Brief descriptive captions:
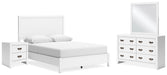 Binterglen Bedroom Package - Furniture Max (Falls Church,VA) *
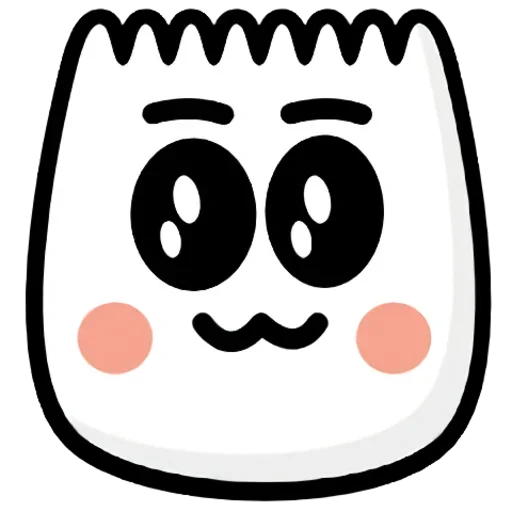 🥺 Стикер «TikTok Emoji» для Telegram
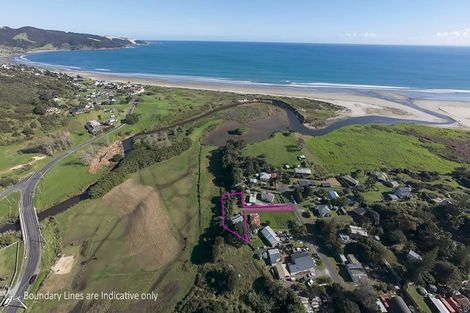 Photo of property in 9 Tui Street, Ahipara, Kaitaia, 0481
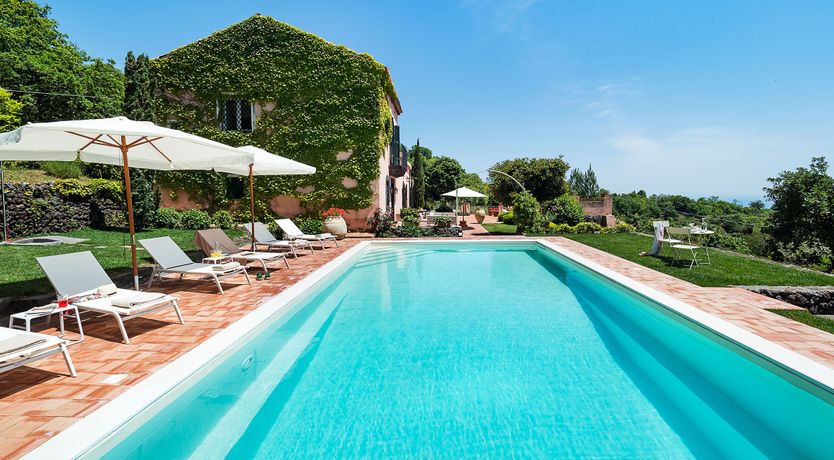 Photo of Casa Capinera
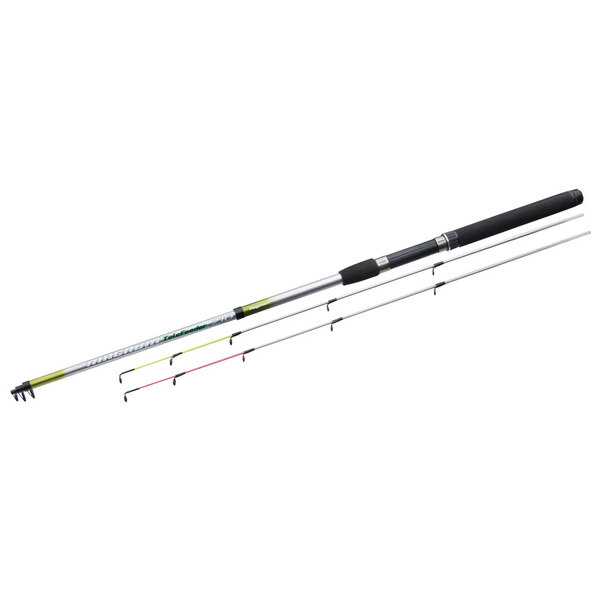 Фидерное удилище Flagman Magnum Tele Feeder 100 2.1м 100гр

▸ PROBLEM TO WORK ON
Only the text of the records above, copied exactly, should be returned; the pictures stay out.

▸ WRITTEN RESPONSE
 Binterglen Bedroom Package - Furniture Max (Falls Church,VA) *
 🥺 Стикер «TikTok Emoji» для Telegram
 Photo of property in 9 Tui Street, Ahipara, Kaitaia, 0481
 Photo of Casa Capinera
 Фидерное удилище Flagman Magnum Tele Feeder 100 2.1м 100гр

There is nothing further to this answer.